Le groupe comportait 89 % de femmes, ce qui ouvre une première piste de réflexion pour le Dr Pascal Melin, président de la fédération SOS Hépatites & Maladies du foie. À savoir quels sont « les moyens de mobiliser aussi les hommes », s'interroge-t-il. Sur l'ensemble de l'échantillon, 29 % étaient en état d'obésité et 29 % en surpoids, pour un indice de masse corporelle (IMC) moyen de 27 kg/m2 (l'IMC moyen est de 25,5 en France). Des antécédents de stéatose ou de stéatite non alcoolique (Mash, anciennement Nash) sont déclarés par 29 % des répondants. « Dans les analyses ultérieures, il sera intéressant de voir si ce sont ces patients-là qui ont obtenu les meilleurs résultats », prévoit le Dr Melin.
Une minorité de participants possiblement addicts au sucre
Durant le défi, 14 % des participants ont le sentiment d'avoir totalement arrêté les sucres ajoutés, 33 % pensent qu'ils ont fortement réduit leur consommation, 41 % affirment ne l'avoir qu'un peu réduit et 12 % « pas vraiment ». L'autre chiffre important est que 52 % des participants estiment avoir tenu le défi tous les jours sans exception, et 24 % pratiquement tous les jours.
Cette réduction de la consommation de sucres ajoutés est jugée globalement facile ou peu difficile, mais 5 % des participants l’ont trouvée très difficile. « C'est dans ce groupe-là que la question de l'addiction au sucre peut être questionnée avec le médecin », analyse le Dr Melin.
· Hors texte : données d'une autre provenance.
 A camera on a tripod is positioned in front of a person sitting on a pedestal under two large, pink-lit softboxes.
Un quart des volontaires évoque par ailleurs une addiction au sucre.
Les sodas et boissons sucrées étaient déjà identifiés comme une source majeure de sucres ajoutés par la population de l'étude, déjà très sensibilisée à la question. En revanche, le mois sans sucres ajoutés a été l'occasion d'une prise de conscience de leur présence massive dans les pâtisseries et biscuits industriels, le chocolat, les bonbons et barres chocolatées. Ce sont ces aliments, et principalement le grignotage entre les repas, qui ont été le plus réduits.
Un effet sur les fringales
Une moindre consommation de sucres ajoutés s'est accompagnée d'une diminution des fringales chez 45 % des participants et d'une augmentation chez seulement 14 % d'entre eux. Les bénéfices ressentis étaient multiples et variés : plusieurs participants évoquent une amélioration de l'humeur, de la qualité du sommeil, de la tonicité et de la peau. Il est à noter que quelques-uns évoquent a contrario des troubles de l’humeur, du sommeil et une perte d'énergie. Les auteurs estiment qu'il pourrait s'agir des mêmes participants chez qui les fringales ont augmenté et la diminution du sucre a été particulièrement difficile.
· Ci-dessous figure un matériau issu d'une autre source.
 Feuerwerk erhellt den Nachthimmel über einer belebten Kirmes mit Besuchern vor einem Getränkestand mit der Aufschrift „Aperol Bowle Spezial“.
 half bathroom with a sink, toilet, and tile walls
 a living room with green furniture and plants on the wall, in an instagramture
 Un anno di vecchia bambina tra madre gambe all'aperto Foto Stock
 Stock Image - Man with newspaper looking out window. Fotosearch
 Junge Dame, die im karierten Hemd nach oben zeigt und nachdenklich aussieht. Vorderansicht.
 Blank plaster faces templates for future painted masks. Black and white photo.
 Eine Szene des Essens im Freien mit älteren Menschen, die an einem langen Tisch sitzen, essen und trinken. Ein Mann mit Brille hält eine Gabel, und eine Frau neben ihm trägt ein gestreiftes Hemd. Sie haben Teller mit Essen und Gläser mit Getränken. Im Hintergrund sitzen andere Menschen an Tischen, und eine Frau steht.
Forte de ces résultats, la fédération SOS Hépatites & Maladies du foie lance un appel à la mobilisation pour une deuxième édition en 2024. « L'expérimentation prouve que l'on peut mobiliser un échantillonage représentatif de Français, il n'y a pas de raison que cela ne puisse être reproduit à plus grande échelle », juge le Pr Patrick Marcellin, hépatologue à l'hôpital Beaujon de Clichy (Hauts-de-Seine). Les responsables de l'association avaient prévu de s'adresser ce 3 octobre à Santé publique France pour leur soumettre un projet national de mois sans sucres ajoutés.
L'association formule en outre plusieurs propositions nées de l'expérience : sensibiliser le public et mieux faire apparaître la présence de sucres ajoutés, inciter les industriels à diminuer les teneurs, valoriser les bénéfices liés à la réduction de la consommation, admettre la réalité de l'addiction au sucre (et prévoir une prise en charge adaptée) et intégrer le rapport au sucre dans le parcours de soins. « On pose toujours la question du poids, du tabac et de l'alcool lors des consultations, il faut aussi poser la question de la consommation de sucre », estime le Dr Melin.